PROBLEM STATEMENT
Show only those lines of the entries where the string "image" is found.

RECORDS FOR THE TASK
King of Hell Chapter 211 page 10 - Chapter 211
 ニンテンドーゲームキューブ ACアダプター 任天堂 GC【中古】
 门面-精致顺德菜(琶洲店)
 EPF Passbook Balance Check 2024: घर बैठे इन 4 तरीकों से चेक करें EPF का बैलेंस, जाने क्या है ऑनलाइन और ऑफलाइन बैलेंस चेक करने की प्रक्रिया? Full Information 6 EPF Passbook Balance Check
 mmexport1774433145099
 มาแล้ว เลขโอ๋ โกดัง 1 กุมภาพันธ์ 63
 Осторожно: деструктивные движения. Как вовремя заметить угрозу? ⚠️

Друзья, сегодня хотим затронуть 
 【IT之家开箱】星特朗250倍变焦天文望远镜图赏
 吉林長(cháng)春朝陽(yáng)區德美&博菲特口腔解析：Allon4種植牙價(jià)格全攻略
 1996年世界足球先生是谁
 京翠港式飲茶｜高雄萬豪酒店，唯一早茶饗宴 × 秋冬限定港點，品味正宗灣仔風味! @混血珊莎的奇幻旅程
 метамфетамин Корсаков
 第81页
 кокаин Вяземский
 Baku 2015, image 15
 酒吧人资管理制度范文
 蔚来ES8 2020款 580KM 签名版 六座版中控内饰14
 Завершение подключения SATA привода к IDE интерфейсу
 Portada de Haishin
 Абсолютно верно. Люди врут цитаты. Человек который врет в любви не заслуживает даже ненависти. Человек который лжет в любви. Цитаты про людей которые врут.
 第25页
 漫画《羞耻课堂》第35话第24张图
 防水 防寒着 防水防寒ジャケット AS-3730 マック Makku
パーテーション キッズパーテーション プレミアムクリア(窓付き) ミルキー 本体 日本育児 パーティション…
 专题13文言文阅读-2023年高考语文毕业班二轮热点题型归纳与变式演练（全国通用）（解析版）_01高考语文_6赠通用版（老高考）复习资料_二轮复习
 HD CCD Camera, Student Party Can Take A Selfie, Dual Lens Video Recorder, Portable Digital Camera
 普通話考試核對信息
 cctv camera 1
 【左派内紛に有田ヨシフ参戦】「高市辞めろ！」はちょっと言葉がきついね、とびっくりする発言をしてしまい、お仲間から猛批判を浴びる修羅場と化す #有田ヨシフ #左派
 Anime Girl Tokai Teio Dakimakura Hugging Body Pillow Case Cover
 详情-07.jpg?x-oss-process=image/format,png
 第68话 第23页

EXERCISE SOLUTION
 Baku 2015, image 15
 详情-07.jpg?x-oss-process=image/format,png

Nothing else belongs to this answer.